Researchers Uncover Evidence That Writing Fanfic Increases Happiness

Research and testimonials both attest to its effect on writers

A growing body of evidence suggests that fanfic can help its makers find community and develop as writers.
Sikander Iqbal/Creative Commons

We live in a watershed time for fanfic. If this wasn’t apparent before, the Hugo Award win for the Archive Of Our Own last year was as clear a sign as many people could hope for. The Hugo Awards are presented to a year’s most notable works of science fiction and fantasy; that the Archive of Our Own, a massive online fanfic community, won Best Related Work, is a huge deal.

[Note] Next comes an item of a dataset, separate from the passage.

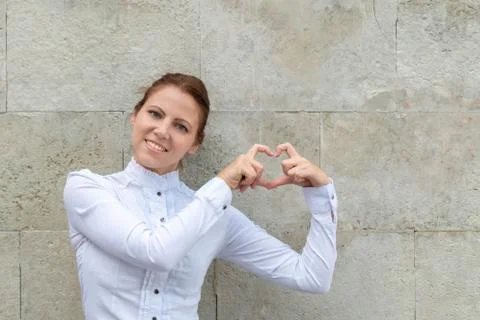 Smiling woman showing heart sign on urban wall background with copy space Stock Photos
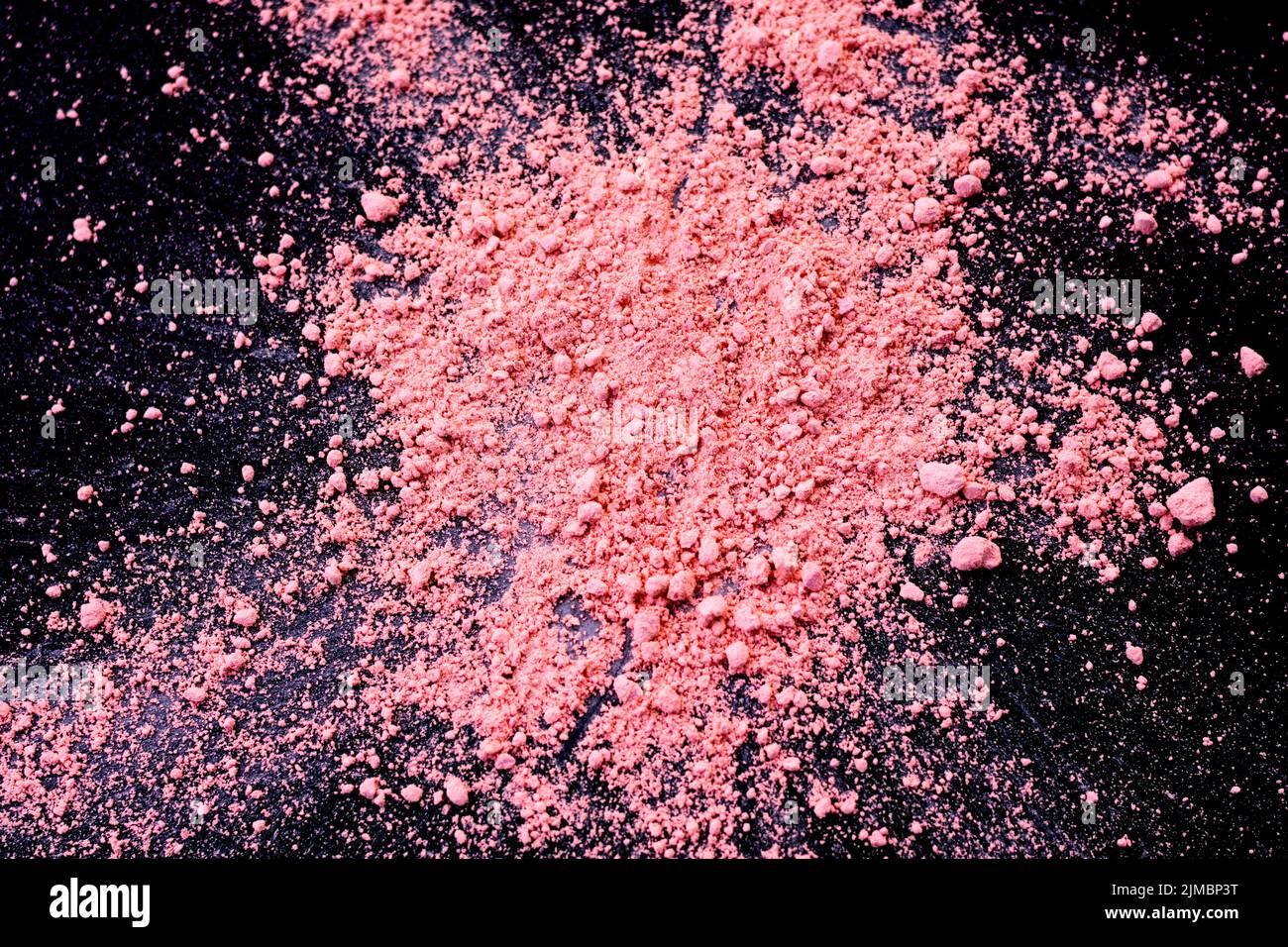 Pink color background of chalk powder. Pink color dust particles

At Vox, Aja Romano explained just why this is so important. “The Hugo win is a huge validation for many fanfic authors — many of whom are used to being dismissed and culturally maligned — that all of their non-professional works are worthy of respect,” she wrote.

In an in-depth article for the MIT Technology Review, Cecilia Aragon discussed a study that she undertook with her colleague Katie Davis. They focused on fanfic published on — specifically, fanfic set in the world of Harry Potter, My Little Pony: Friendship Is Magic and Doctor Who. Aragon and Davis’s research suggested that fanfic offers a host of benefits to those who write it:

We found that not only were fan fiction authors writing original fiction; they also learned life lessons, becoming more tolerant and willing to help others. Some said they’d become more open-minded, and had received emotional support that helped them navigate adolescent traumas and find identity.

Aragon also discussed her own experience writing fanfic as a child — specifically, of how she wrote her own version of Lord of the Rings as a child. “Writing my story gave me comfort,” she wrote. “It also taught me about the effort involved in creating a narrative.”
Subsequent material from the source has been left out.